Consider that at this level, the average encounter (EL 16 !!!!!) the treasure value per encounter is 28,000gp.  

At that level, spending 1,500 gp to end the fight is hardly a problem.  You're just as likely spend that kind of money on potions, scrolls, and other consumables during the fight.

(EDIT) For comparison: spending 1500gp on a fight at this level (EL 16) is only ~5% of the treasure you will gain for the fight.  At level 3 (EL 3), spending 5% of the treasure is 48 gp.  Whoop-dee-dee.


----------



## Thanee (Nov 9, 2004)

From a sorcerer's point of view, I have these three spells chosen for my sorceress (not yet high enough to learn them, however ):

 1) Limited Wish (no brainer)
 2) Greater Teleport (no Teleport, so this is another obvious choice)
 3) Spell Turning (the only one I am not so sure about, but it's nice protection and can be cast over and over again)

 Force Cage is out, since she cannot learn evocations anymore (Incantatrix), otherwise, this might have been number 3), but there is still Greater Shadow Evocation one level higher, which does it for free (but also is less effective with a save to disbelieve and SR: yes). Altho 8th level spell choice is really, really tough for a sorcerer. 

 Bye
 Thanee


----------



## shilsen (Nov 9, 2004)

Limited Wish and Prismatic Spray for reasons already mentioned by previous posters. No.3 was Reverse Gravity - if you need to ask why, read the spell description and think about options for a few seconds.


----------



## Plane Sailing (Nov 10, 2004)

Thanee said:
			
		

> 3) Spell Turning (the only one I am not so sure about, but it's nice protection and can be cast over and over again)




I have a vague recollection of a thread in the past few months which was agonising about the relative uselessness of spell turning - something about it only protecting against a very few number of spells in reality?

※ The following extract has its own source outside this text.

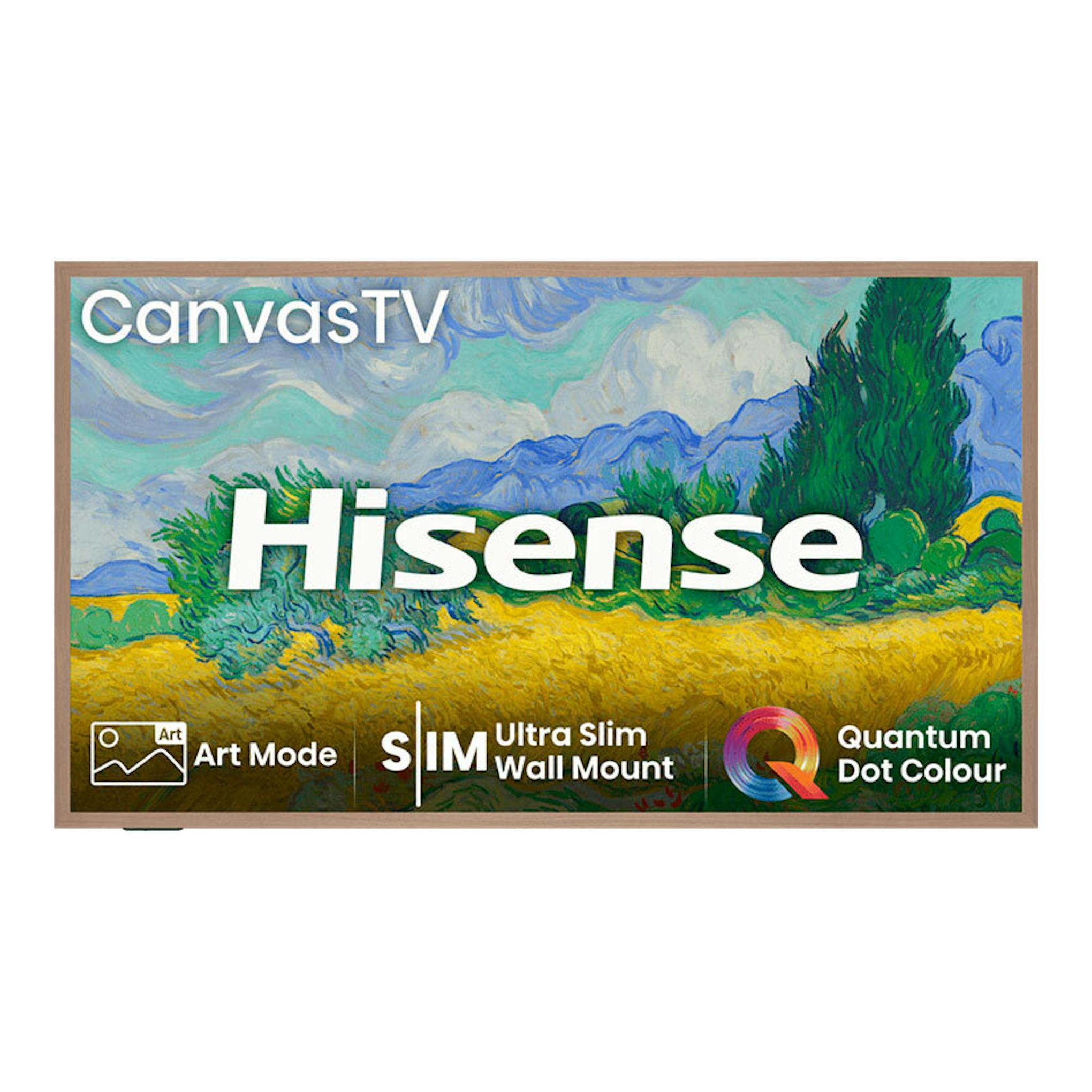 TV Hisense CanvasTV 55S7NQ, vista frontal, marco color madera, pantalla con paisaje estilo pintura.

Do you remember that thread?


----------



## Saeviomagy (Nov 10, 2004)

Plane Sailing said:
			
		

> I have a vague recollection of a thread in the past few months which was agonising about the relative uselessness of spell turning - something about it only protecting against a very few number of spells in reality?
> 
> Do you remember that thread?




Well, one of the biggies is that it doesn't appear to protect against spell-like abilities, which most monsters use in lieu of real spells.


----------



## EvilGM (Nov 10, 2004)

Prismatic Spray - Many times it won't do much, but it is still a fun spell to use - and occasionally has spectacular results.

Greater Teleport - Long range mobility is a good thing.

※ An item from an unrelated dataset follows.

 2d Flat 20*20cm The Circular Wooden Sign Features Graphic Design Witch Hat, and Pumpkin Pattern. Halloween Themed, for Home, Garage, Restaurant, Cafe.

Reverse Gravity - No SR or save (basically), shapeable area, good range.   Removes creatures from the fight and holds them up in the air for you to pick off at your leisure.  Great spell.  I think many people don't understand the power of this spell (hint: limit the area's height so they don't hit a solid object)

Ethereal Jaunt and Limited Wish are handy at times, but I would not prepare them daily.


----------



## Elder-Basilisk (Nov 10, 2004)

My votes:

Finger of Death, Mage's Magnificent Mansion, and Summon Monster VII

Why?

Finger of Death is a very good spell for removing living enemies from the field. There's usually a moderate chance that it'll remove them completely, and if it doesn't, it still does a reasonable amount of damage--especially at level 16+ (3d6+16=average of 27). It's not as good as Destruction but it's pretty close.

Mage's Magnificent Mansion is the ultimate in home security. It can't be scried, can't be teleported, and can't be entered without your permission. As a 16th level mage, you undoubtedly have powerful enemies. This spell limits their options when attacking you. That's easily worth a 7th level spell slot for a 16th level wizard.

Summon Monster VII is a very good and flexible spell. For battlefield damage, a celestial elephant trampling will inflict more damage than anything except a firestorm--and more than a firestorm if it survives for more than a few rounds. Elementals are good meat shields Djinni, Avoral, bone devils, and babau all have a lot of uses and even its multiple lower level options (1d3 celestial polar bears or Bralani Eladrin, giant constrictor snakes, or celestial dire lions, or 1d4+1 hound archons, celestial brown bears, bearded devils, etc. are very useful options.

As for the competitors:

Limited Wish is very useful but the 250xp cost makes it hard to justify having it prepped every day. It's very good but not something you want to cast on a daily basis.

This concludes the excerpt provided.